You can also check and you will see files after are 20.1 mp as per advertising of the lens. Almost all lens both in drones and handheld require corrections for raw images.
Yep, all drones come with embedded lens corrections, wich despite the fact the lenses are not interchangeable, they should be optional, because embedded profiles are not perfect and any photographer could do a better job if they want.
We should have the option to deactivate the embedded lens corrections and apply our own corrections (or leave them uncorrected), it should be the photographer's decision, not the manufacturer decision (on the M3 doesn't have any sense to remove the embedded profile because image don't cover the entire sensor, so you'll allways have to crop, but in other drones like the 2S where the circle of image covers the entire sensor it should be optional).
On the other hand, and that was the problem I was pointing, the Mavic 3 is the only drone that I had in wich the image circle doesn't cover the entire sensor, on all the other drones I had (Mini 2, Air2S and Evo Lite+) the image circle of the lens covered the entire sensor.
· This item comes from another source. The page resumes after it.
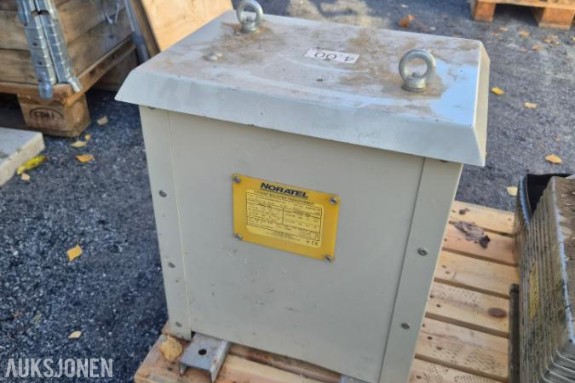 2000 Noratel 3LT4.00.230/400-dYN11-23 skilletransformator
Original DNGs are 5280x3956 (20.89MP), then the frame is cropped to roughly 5016x3762 (18.87MP) to get rid of the vignetting (wich is not lens vignetting you get on most optics, is lack of circle of image) and then upsampled to 5272x3948 (20.81MP), thus you lose quality, edges become soft, artifacts appear, and you can't do anything about it.
A good optical design leaves a margin between the end of the sensor and the end of the circle of image, because near the limit of the circle of image, the quality of the image is always going to be crappy. But on the M3 that near limit area is in fact a great part of the end image.
In fact, this is what you lose from the crop (above the full image exported with Rawdigger with the circle of image vignetting and with the approx crop painted on red, and then how you get it from Lightroom):
So yep, sensor cropping and lack of camera matching color profiles is a huge issue for a drone that pretends to be professional. They announce it as a 4/3 20MP sensor, which is not, is around 18.8MP and then upsampled, and they announce it has Hasselblad color profile, which it hasn't for the DNGs, and no professional photographer will ever shoot in JPG (wich has an atrocious editing embedded).
This "profesional" drone is far away from the modern FF mirrorless standard as far as for editing options and customization options. I can customize every single useful aspect of the post-process on my R6, and even my old 6D or my 30D from the Cretaceous had more options to customize what I wanted and didn't want to be applied on the image.
...but still the best drone you can get, sadly.
PS: Just look at this approx chart and remove the crop of the M3 sensor... well, not so far from the Air2S (wich ofc also crops a bit, but edges on the 2S could be usable if the lens profile would be optional). Still it's a better sensor with more dynamic range and with shadows full of details, but still you are not getting what you paid for.